Yukarıdaki gerekçelerle Su Ürünleri ve Balıkçılık Teknolojisi Mühendislerinin,
Gıda Tarım ve Hayvancılık Bakanlığı'na bağlı;
- Balıkçılık ve Su Ürünleri Genel Müdürlüğü ve taşra teşkilatında,
- Tarım ve Kırsal Kalkınmayı Destekleme Kurumu ve taşra teşkilatında,
- Tarımsal Araştırmalar ve Politikalar Genel Müdürlüğü ve taşra teşkilatında,
- Sınır Kontrol Müdürlüğü ve taşra teşkilatında
Orman ve Su İşleri Bakanlığı'na bağlı;
- Devlet Su İşleri Genel Müdürlüğü ve taşra teşkilatında,
- Su Yönetimi Genel Müdürlüğü ve taşra teşkilatında,
- Doğa Koruma ve Milli Parklar Genel Müdürlüğü ve taşra teşkilatında,
Çevre ve Şehircilik Bakanlığı'na bağlı;
- Tabiat Varlıklarını Koruma Genel Müdürlüğü ve taşra teşkilatında,
- Çevre Yönetimi Genel Müdürlüğü ve taşra teşkilatında
Ulaştırma, Denizcilik ve Haberleşme Bakanlığı’na bağlı;
- Denizcilik Müsteşarlığı,
- Kıyı Emniyeti Genel Müdürlüğü ve taşra teşkilatında
istihdam ettirilmesi gerekmektedir.

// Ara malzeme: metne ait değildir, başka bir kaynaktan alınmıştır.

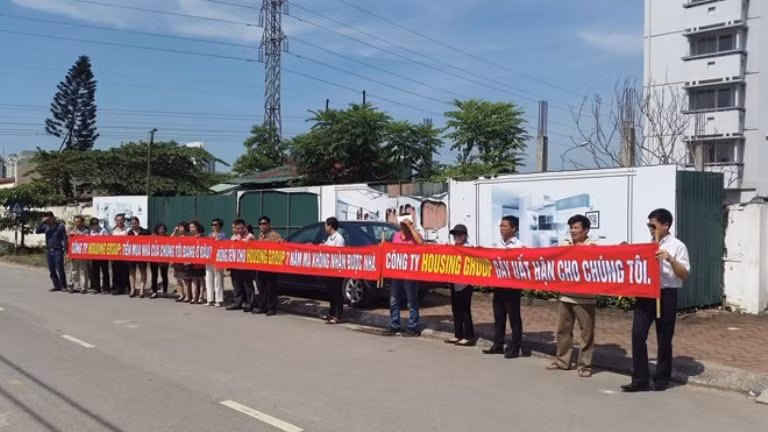 Khách hàng giăng biểu ngữ tố cáo Housing Group tại Dự án Khu nhà ở kinh doanh (ảnh nguồn Báo Đầu tư BĐS)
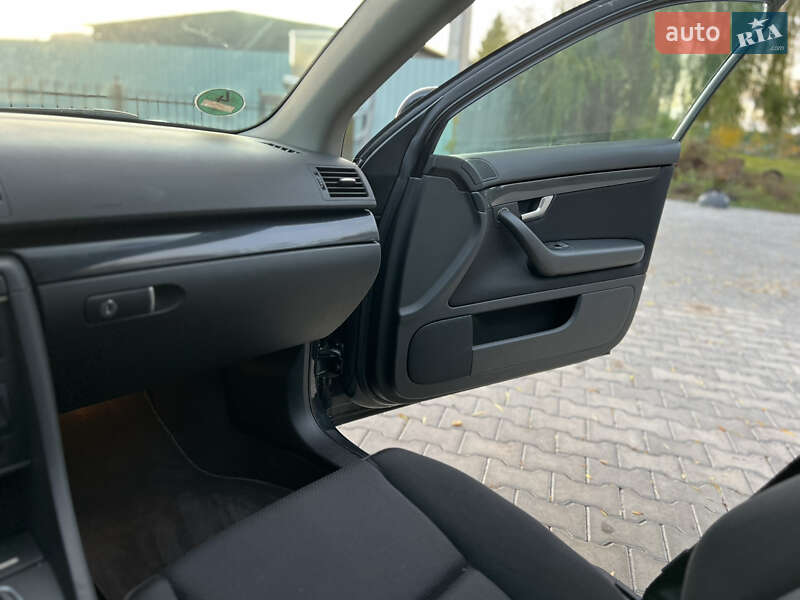 Седан Audi A4 2004 в Тернополе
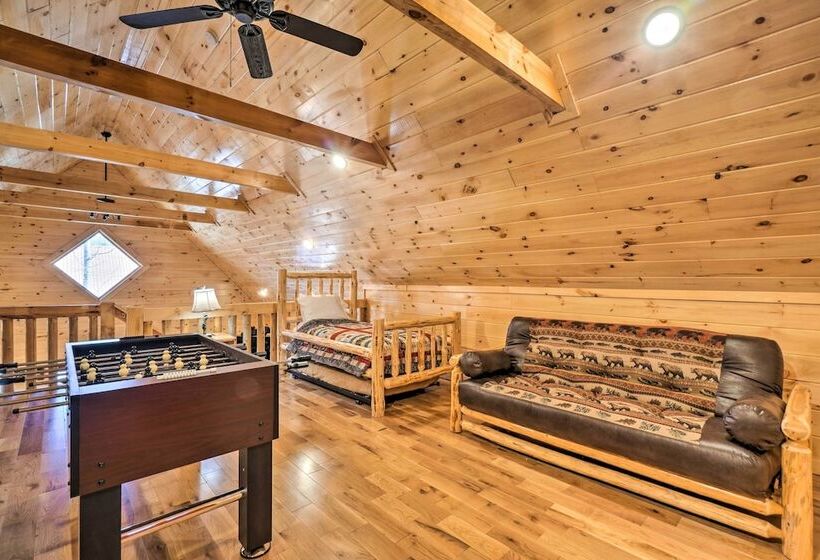 Gatlinburg Mountain Cabin: 4 Mi To National Park!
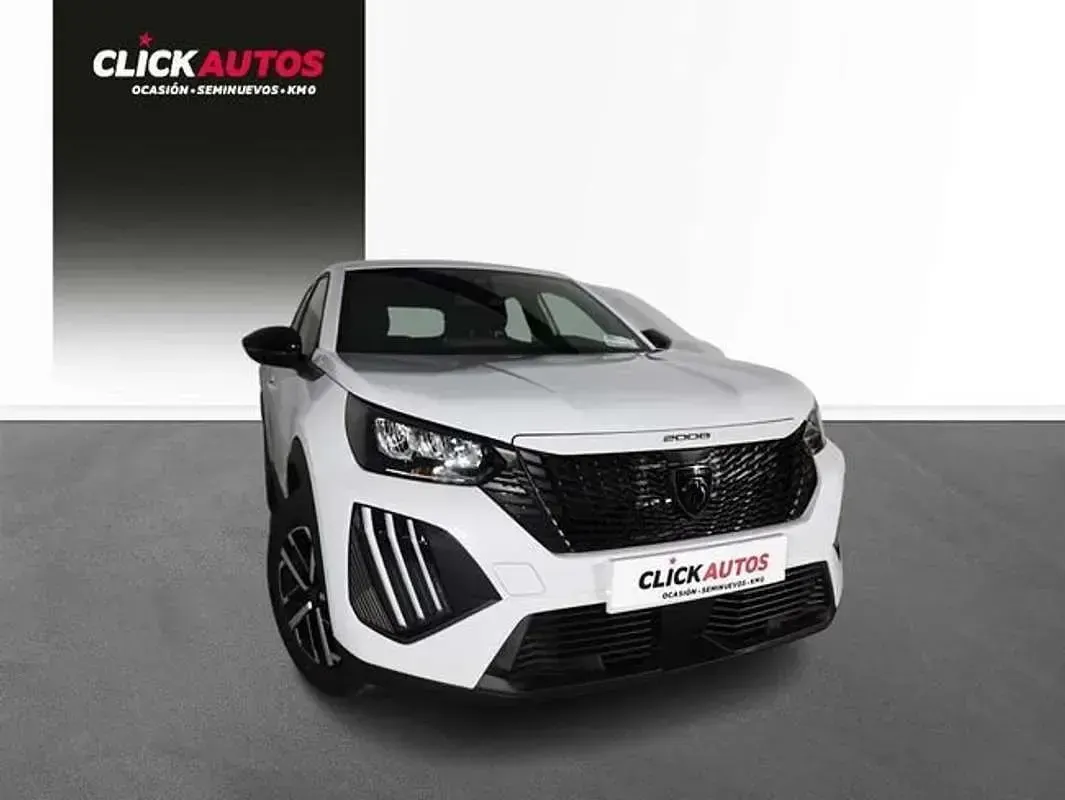 Usado Peugeot 2008 Active 101 CV (74 kW) 2023 Blanco SUV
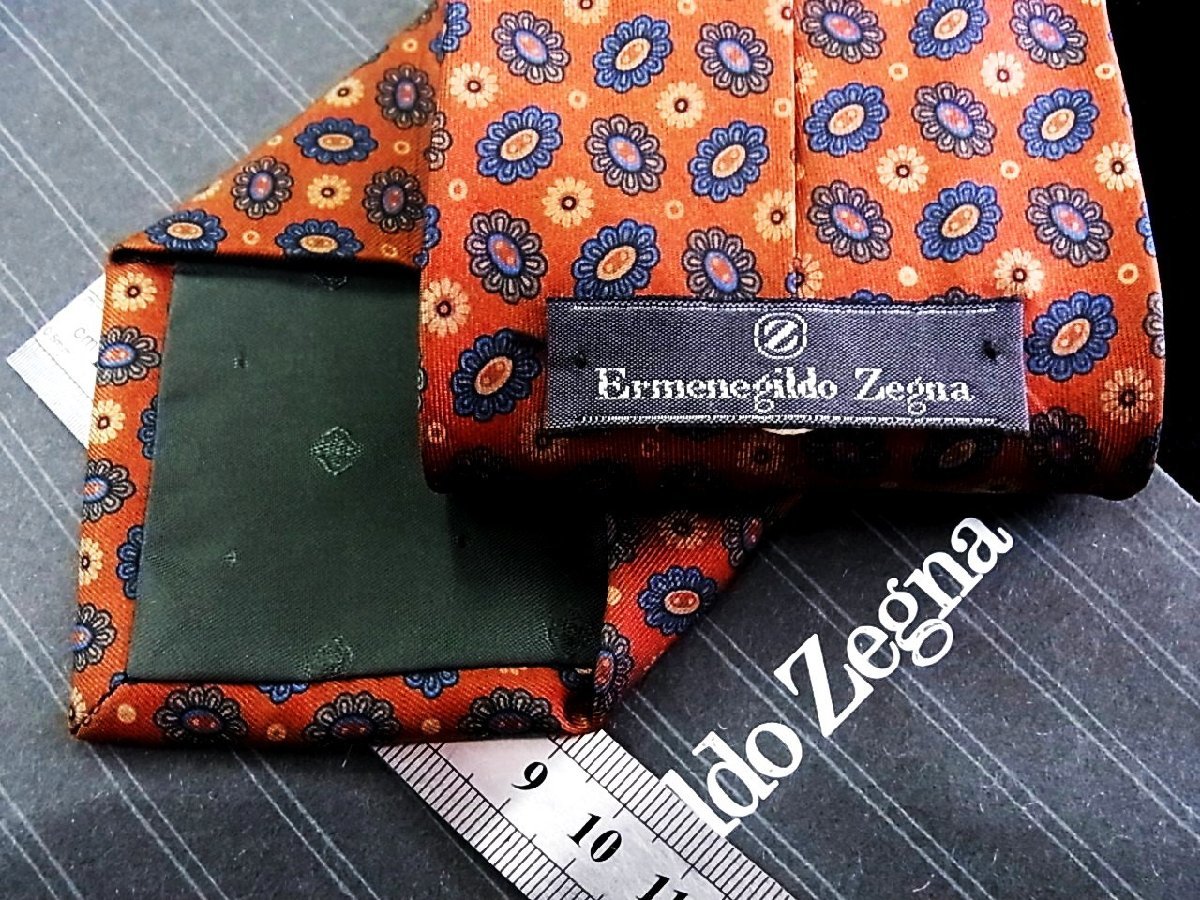 ♪今週の特売980円～♪1859♪良品【ZEGNA】ゼニア【花 植物 柄】ネクタイ♪_画像2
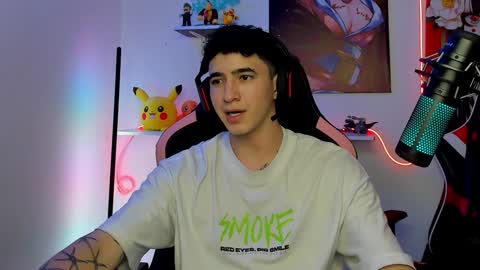 Snapshot of naranjo_seb chatting on 01/22/25, 05:16 sebastian online show from 01/22/25, 05:16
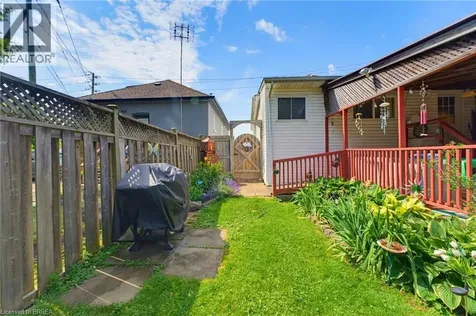 128 Mary Street Brantford ON N3S 3B9
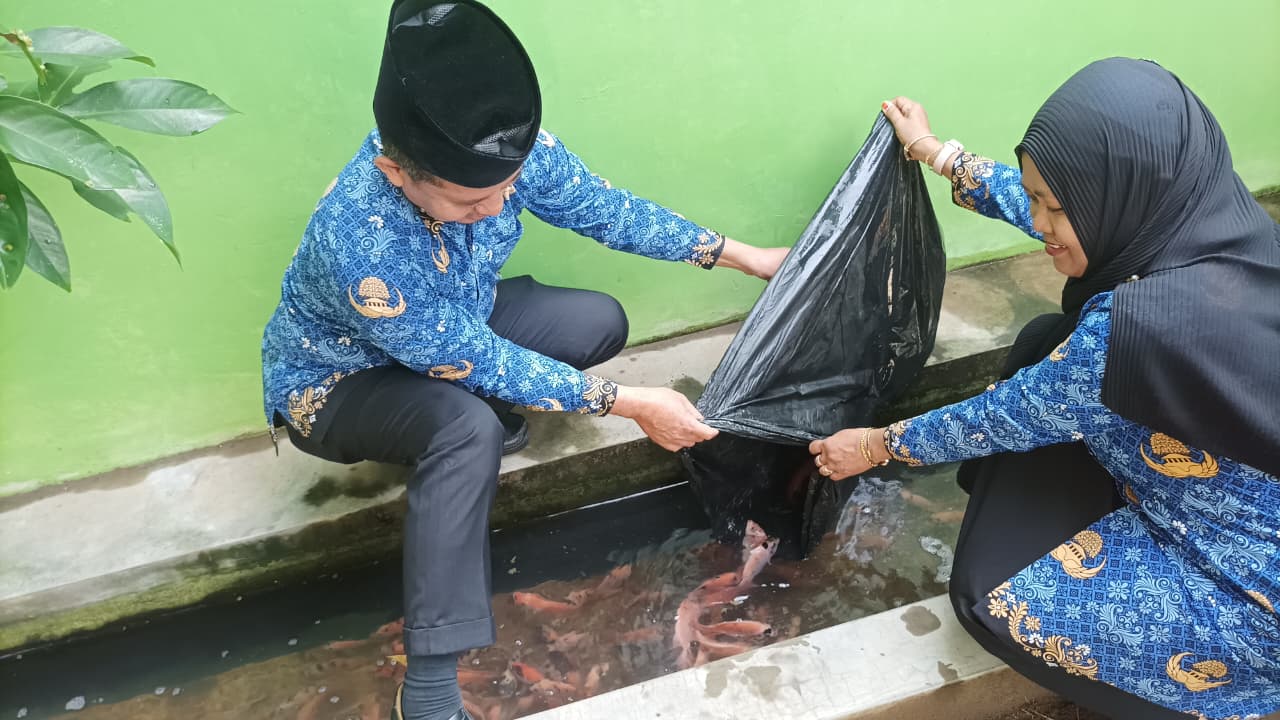 MTsN 1 Bantul Tebar Benih Nila, Wujudkan Madrasah Adiwiyata Berbasis Keanekaragaman Hayati     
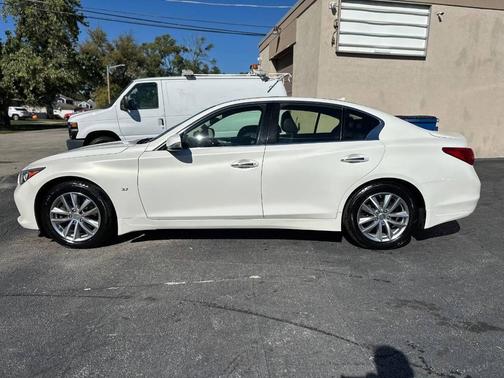 2015 INFINITI Q50 Premium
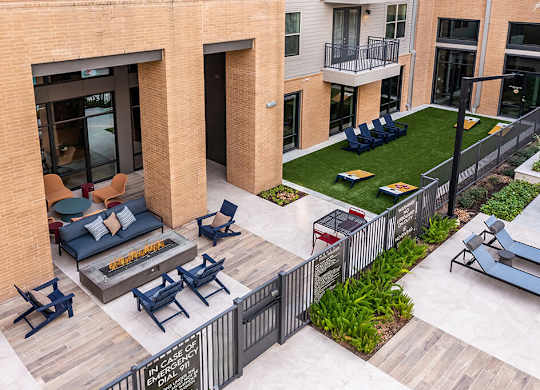 Social patio at Heights at 1520 Apartments in Houston TX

Ülkemizde 30 yılı aşkın akademik geçmişe sahip, yaklaşık 15000 mezunu olan Su Ürünleri ve Balıkçılık Teknolojisi Mühendisliği mesleği ülkemizde gereken önemi ve ilgiyi görmemektedir. Mezunlar alanları dışında çalışmak zorunda kalıp atıl duruma düşmektedirler. 1380 sayılı Su Ürünleri Kanunu ile 5996 sayılı Veteriner Hizmetleri, Bitki Sağlığı, Gıda ve Yem Kanunuyla mesleki anlamda yetkin olduğu bu konularda yetkisiz bırakılmış istihdam alanları kısıtlanmıştır. Sucul kaynaklarımızın korunması, kontrolü ve sürdürülebilirliği için Su Ürünleri ve Balıkçılık Teknolojisi Mühendisleri ilgili bakanlıklarda ve il-ilçe belediyelerinde istihdam ettirilmelidirler. Geleceğimizi ilgilendiren bu hassas konunun meclis gündemine taşınmasında katkılarınızı bekliyor, ilginize teşekkür ediyoruz. Saygılarımızla.